Your guide to how the 'Wildcat' works

Repeatedly, reader unfamiliarity with the function of different parts of the newspaper leads to confusion as to who is to blame or credit for a particular piece of writing. With hopes of making everything easier to understand for our readers, here is the handy-dandy Wildcat guide to the different sections of the newspaper.

The main body of the newspaper (News, Sports and the weekly "Mutato" arts section) is made up of informational articles articles in which the writer seeks only to put forth the facts rather than offer opinions on the subject.

The Perspective page where most of the confusion occurs is strictly opinion and houses three different types of writing: letters to the editor, staff editorials and columns.

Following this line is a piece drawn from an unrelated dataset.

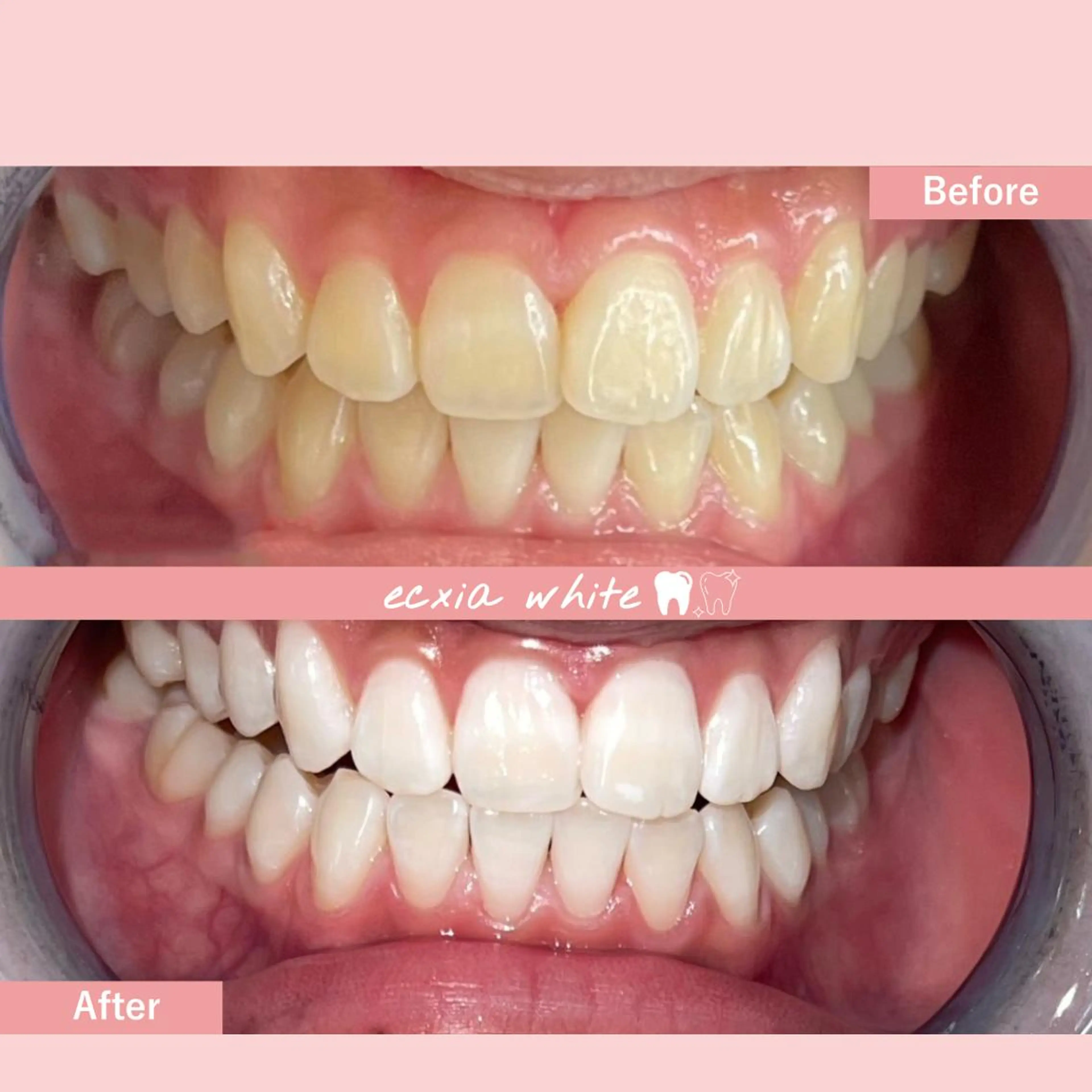 【初回から一気に白く♪】セルフホワイトニング照射15分×3回¥6980→¥2980［札幌/ホワイトニング/すすきの］の写真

Letters to the editor are the voice of the reader. Each letter contains the name of the letter writer, giving them the same sort of accountability to stand behind their words as reporters and editors and columnists in other sections of the newspaper. No unsigned letters to the editor are published. The Wildcat accepts original, unpublished letters from all of its readers and reserves the right to edit letters for clarity and brevity.

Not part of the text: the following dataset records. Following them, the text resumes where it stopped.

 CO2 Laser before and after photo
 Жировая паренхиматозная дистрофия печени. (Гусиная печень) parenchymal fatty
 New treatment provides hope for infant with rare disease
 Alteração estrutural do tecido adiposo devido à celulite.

Columns, like articles, run with the writer's byline. Unlike articles, columns allow writers space to voice their opinion on a topic of their choosing. John Keisling, for example, is a columnist for the Wildcat. He writes about issues that interest or concern him, and we package them as his opinion on the perspective page. Some members of the Wildcat staff also run columns on the editorial page. Columnists either staff or guest do not report on the same issues they write about as columnists. The Wildcat accepts guest columns from all of its readers to provide additional viewpoints and to encourage debate on issues important to the university community. Columns represent the views of the author and not the views of the newspaper.

Staff editorials are generated by the Wildcat opinions board a column, of sorts, written by more than one person to represent the unanimous opinion of the board. If a staff editorial is unsigned, it is the collective work of the editor-in-chief, the opinions editor, the managing editor and the editorial page copy editor. It is these features and none other which should be taken to represent the Wildcat's stance on an issue.

Hopefully, this will give all of our readers a clearer idea of how things are run behind the scenes down here, and help them realize who is responsible for what they read.